-------- DATA FOR ANALYSIS --------

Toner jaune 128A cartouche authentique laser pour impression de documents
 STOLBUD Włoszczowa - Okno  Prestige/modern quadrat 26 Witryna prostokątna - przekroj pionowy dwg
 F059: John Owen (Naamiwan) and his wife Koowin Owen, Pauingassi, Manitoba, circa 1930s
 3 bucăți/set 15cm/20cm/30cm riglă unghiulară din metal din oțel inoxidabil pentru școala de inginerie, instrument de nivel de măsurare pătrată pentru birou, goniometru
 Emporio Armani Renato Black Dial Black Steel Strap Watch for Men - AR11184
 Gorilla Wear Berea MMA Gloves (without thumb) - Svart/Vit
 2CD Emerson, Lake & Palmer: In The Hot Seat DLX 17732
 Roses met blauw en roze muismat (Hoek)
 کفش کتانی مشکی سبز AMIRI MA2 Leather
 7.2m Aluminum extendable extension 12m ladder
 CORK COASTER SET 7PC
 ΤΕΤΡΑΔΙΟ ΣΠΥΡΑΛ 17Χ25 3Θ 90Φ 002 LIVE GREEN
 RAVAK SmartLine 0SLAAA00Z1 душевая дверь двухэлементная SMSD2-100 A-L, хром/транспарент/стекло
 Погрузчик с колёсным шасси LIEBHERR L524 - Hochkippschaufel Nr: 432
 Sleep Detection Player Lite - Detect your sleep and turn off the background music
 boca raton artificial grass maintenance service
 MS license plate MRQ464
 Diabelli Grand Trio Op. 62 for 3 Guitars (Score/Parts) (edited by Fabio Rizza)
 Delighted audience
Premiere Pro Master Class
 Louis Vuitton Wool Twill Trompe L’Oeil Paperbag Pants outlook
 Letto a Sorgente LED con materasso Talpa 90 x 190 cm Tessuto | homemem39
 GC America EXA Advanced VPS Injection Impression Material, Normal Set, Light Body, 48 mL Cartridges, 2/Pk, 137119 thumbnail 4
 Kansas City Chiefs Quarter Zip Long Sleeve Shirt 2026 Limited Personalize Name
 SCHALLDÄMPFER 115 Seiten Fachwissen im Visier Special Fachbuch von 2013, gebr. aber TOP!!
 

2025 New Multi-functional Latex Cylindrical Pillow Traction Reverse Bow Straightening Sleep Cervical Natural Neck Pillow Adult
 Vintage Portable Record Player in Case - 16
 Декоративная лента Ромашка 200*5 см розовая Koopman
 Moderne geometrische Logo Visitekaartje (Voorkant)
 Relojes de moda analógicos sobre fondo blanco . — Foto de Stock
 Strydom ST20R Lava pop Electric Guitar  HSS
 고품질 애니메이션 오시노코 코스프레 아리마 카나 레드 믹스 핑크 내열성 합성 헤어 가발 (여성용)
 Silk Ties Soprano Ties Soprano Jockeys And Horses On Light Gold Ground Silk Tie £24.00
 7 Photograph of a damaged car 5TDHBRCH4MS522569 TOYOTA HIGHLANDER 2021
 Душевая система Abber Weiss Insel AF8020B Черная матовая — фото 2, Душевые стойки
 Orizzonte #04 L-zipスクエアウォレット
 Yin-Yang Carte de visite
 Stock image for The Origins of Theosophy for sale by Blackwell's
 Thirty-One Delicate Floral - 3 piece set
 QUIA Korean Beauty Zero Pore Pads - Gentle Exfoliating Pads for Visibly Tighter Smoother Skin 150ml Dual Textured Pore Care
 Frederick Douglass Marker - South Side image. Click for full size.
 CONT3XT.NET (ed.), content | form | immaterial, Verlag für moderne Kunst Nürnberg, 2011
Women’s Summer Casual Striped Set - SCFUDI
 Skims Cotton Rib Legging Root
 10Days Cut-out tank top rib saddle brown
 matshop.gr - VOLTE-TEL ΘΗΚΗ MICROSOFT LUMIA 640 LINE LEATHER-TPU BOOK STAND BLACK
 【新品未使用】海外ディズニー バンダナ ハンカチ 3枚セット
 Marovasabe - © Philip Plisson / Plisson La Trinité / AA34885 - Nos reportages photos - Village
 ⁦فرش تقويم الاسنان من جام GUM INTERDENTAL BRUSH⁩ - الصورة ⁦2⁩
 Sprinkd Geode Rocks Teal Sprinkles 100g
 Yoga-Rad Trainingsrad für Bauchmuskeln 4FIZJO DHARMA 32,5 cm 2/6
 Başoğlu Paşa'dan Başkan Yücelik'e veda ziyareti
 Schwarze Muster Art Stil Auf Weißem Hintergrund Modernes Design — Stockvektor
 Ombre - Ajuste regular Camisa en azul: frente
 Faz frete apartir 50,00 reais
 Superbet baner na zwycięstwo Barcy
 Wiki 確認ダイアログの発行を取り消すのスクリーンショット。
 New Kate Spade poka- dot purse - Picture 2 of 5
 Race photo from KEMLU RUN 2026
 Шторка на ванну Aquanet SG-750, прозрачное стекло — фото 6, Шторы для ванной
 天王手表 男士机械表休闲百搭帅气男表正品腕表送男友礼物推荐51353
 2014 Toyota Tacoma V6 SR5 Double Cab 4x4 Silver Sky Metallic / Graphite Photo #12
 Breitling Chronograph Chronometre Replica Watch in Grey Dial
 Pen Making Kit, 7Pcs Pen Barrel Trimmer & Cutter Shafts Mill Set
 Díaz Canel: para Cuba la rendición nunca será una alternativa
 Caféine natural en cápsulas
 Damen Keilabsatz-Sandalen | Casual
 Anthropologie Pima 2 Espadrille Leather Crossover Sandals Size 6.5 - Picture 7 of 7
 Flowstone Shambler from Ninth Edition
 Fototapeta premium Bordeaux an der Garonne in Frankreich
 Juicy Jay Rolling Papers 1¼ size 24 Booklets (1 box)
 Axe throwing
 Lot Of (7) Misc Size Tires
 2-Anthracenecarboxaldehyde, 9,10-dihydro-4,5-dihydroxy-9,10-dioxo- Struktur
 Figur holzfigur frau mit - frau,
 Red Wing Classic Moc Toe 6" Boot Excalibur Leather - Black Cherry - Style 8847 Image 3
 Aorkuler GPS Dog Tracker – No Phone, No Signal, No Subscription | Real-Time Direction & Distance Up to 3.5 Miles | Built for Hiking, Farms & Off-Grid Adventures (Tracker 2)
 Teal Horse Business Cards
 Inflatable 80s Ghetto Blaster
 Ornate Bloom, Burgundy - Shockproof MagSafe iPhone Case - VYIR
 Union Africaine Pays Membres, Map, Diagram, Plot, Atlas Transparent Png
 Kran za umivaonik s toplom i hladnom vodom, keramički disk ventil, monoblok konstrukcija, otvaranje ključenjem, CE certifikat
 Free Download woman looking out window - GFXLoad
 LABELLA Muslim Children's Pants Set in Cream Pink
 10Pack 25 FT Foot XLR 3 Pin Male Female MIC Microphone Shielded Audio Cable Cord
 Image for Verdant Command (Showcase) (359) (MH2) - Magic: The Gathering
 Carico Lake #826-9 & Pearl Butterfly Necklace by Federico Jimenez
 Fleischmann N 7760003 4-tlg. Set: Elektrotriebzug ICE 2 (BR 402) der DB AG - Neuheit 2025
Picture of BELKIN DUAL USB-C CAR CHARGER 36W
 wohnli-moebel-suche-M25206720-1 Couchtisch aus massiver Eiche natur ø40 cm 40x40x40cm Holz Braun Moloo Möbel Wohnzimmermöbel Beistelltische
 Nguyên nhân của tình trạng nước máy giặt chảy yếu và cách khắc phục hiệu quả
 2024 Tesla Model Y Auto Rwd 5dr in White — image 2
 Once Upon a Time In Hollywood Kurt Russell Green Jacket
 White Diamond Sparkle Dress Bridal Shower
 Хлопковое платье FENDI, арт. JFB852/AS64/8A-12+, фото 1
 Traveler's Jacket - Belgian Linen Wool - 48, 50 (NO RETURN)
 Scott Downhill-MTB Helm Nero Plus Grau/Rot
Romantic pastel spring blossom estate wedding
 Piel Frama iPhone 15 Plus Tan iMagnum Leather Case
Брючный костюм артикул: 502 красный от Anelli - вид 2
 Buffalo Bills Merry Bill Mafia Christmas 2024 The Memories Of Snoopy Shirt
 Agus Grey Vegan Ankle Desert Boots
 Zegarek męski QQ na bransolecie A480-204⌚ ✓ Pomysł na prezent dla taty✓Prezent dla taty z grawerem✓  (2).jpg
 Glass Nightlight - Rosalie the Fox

--------

*WORK REQUEST*
Please return the lines above that run from the line containing "Union Africaine Pays" to the line containing "Once Upon a", inclusive, exactly and with no other lines.

*ANSWER TO THIS PROBLEM*
 Union Africaine Pays Membres, Map, Diagram, Plot, Atlas Transparent Png
 Kran za umivaonik s toplom i hladnom vodom, keramički disk ventil, monoblok konstrukcija, otvaranje ključenjem, CE certifikat
 Free Download woman looking out window - GFXLoad
 LABELLA Muslim Children's Pants Set in Cream Pink
 10Pack 25 FT Foot XLR 3 Pin Male Female MIC Microphone Shielded Audio Cable Cord
 Image for Verdant Command (Showcase) (359) (MH2) - Magic: The Gathering
 Carico Lake #826-9 & Pearl Butterfly Necklace by Federico Jimenez
 Fleischmann N 7760003 4-tlg. Set: Elektrotriebzug ICE 2 (BR 402) der DB AG - Neuheit 2025
Picture of BELKIN DUAL USB-C CAR CHARGER 36W
 wohnli-moebel-suche-M25206720-1 Couchtisch aus massiver Eiche natur ø40 cm 40x40x40cm Holz Braun Moloo Möbel Wohnzimmermöbel Beistelltische
 Nguyên nhân của tình trạng nước máy giặt chảy yếu và cách khắc phục hiệu quả
 2024 Tesla Model Y Auto Rwd 5dr in White — image 2
 Once Upon a Time In Hollywood Kurt Russell Green Jacket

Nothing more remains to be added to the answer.